A PhD candidate in the law school of University of Malaya in Malaysia retracted a paper from a journal on Islamic law in governments, because he failed to add his deceased advisor as an author.
The paper, which calls government secularism in Bangladesh “shadow rather than substance,” was published in Jurnal Syariah, which translates to Shariah Journal. It is quite critical of the idea that the country’s Constitution can name Islam as the state religion while also claiming that it cannot grant political status to any religion.
Here’s the notice:
The following article is being retracted from publication in Shariah Journal: “Shadow or Substance? Reflection of Secularism in the Constitution of Bangladesh” by Mohammad Abu Taher (Ph.D Candidate, Faculty of Law, University of Malaya, Kuala Lumpur, [email protected]) in Shariah Journal Volume 22, Issue 1, 2014, pp. 87- 106, as a result of the author request to retract the article from Shariah Journal.
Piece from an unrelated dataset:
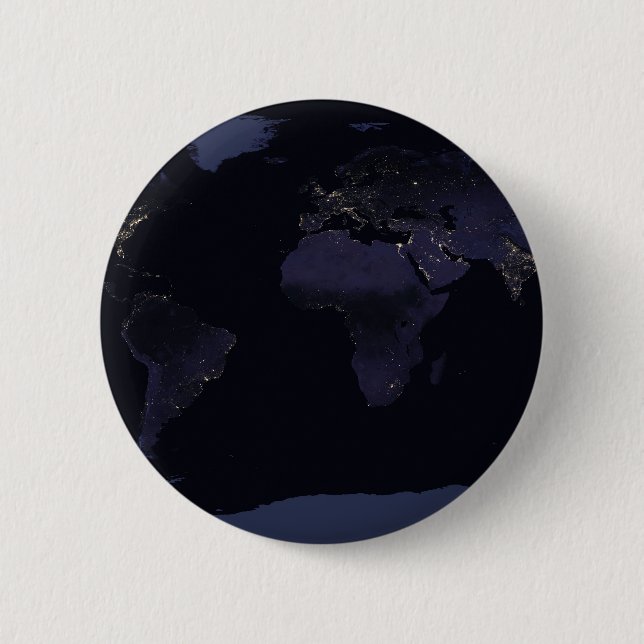 Global Map Earth's City Lights at the Night. Button (Vorderseite)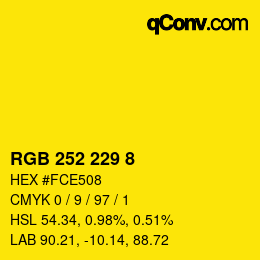 Color code: RGB 252 229 8 | qconv.com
We reached out to Taher, who told us that he is new to academia. According to Taher, though they wrote the paper together, after his advisor passed away he published the paper under only his name. His advisor’s family objected, and he asked the journal to retract.
Hat tip: Rolf Degen
If the article was accepted after peer review, surely a correction adding the deceased supervisor as author rather than a retraction would have been warranted.